Las tensiones entre Gadafi y Ahmadineyad no son nuevas, y una reveladora manifestación de ellas es que el líder iraní nunca recibió el Premio Gadafi de los Derechos Humanos. Este premio, creado en 1988, se otorga anualmente a quienes "hayan colaborado de forma sublime en la prestación de servicios humanos destacados o en la realización de labores gloriosas en defensa de los derechos humanos" (sic). A Hugo le tocó en 2004 y a Dani en 2009. Unos años después, Chávez correspondió al reconocimiento del libio obsequiándole una réplica de la espada de El Libertador, explicando además que "Muamar el Gadafi es para los libios lo que Simón Bolívar es para los venezolanos". Casi nada.

El presidente venezolano no es el único que ha distinguido al líder libio en el campo de los derechos humanos. El 4 de enero de este año, el Consejo de Derechos Humanos, órgano de Naciones Unidas, publicó su informe sobre Libia. El texto no contiene ni un asomo de crítica al Gobierno de Gadafi y más bien resalta que "varias delegaciones expresaron su reconocimiento al compromiso del país con la defensa de los derechos humanos...". La delegación de Brasil, por ejemplo, enfatizó "el progreso social y económico de Libia y reconoció sus esfuerzos con respecto a personas con discapacidades". Myanmar compartió estos conceptos. Por su parte, "Bielorrusia notó con satisfacción que Libia suscribía todos los tratados internacionales sobre derechos humanos y cooperaba con los organismos de dichos tratados".

La resolución de la Asamblea General de Naciones Unidas que creó el Consejo de Derechos Humanos establece que, al votar por los países que aspiren a formar parte del mismo, "se debe tomar en cuenta su contribución a la promoción y protección de los derechos humanos". Libia fue elegida con el apoyo de 155 países.

Pero ni siquiera este baluarte de la hipocresía internacional pudo mantener a Libia en su seno. Así, el Consejo de Derechos Humanos de la ONU, después de largas deliberaciones, concluyó que la contribución de la Libia de Gadafi a los derechos humanos había caído por debajo de los estándares aceptables y la expulsó.

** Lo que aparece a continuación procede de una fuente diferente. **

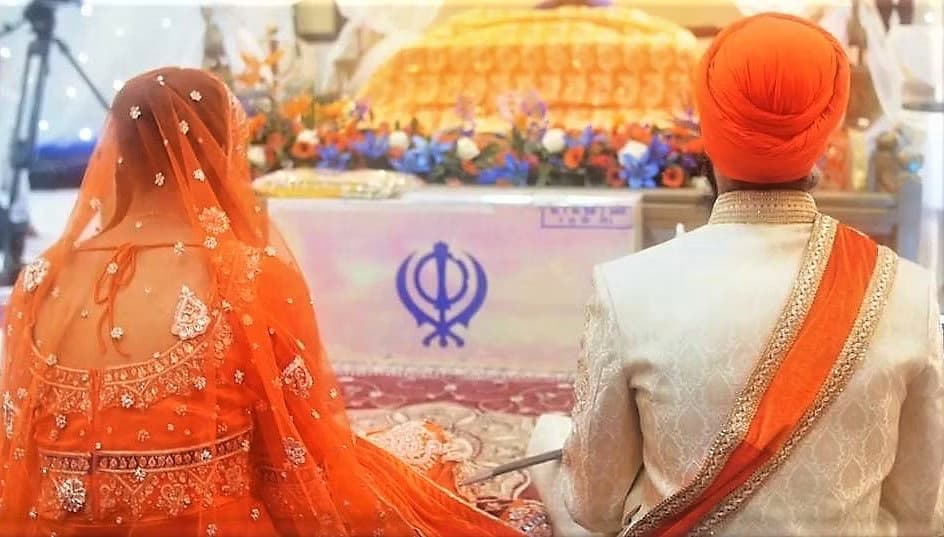 सिक्किम में सिख विवाहों को आनंद विवाह अधिनियम के तहत कानूनी मान्यता मिली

Pero Hugo y Dani no abandonan a sus amigos. "No voy a condenar a Gadafi... a mí no me consta que sea un asesino", dijo el presidente de Venezuela.

Y al oír esto me vino a la mente la vieja frase de George Orwell: "El lenguaje político... está diseñado para que las mentiras suenen a verdades y que el asesinato sea respetable".

No; los despistados no son ellos. Son quienes les creen.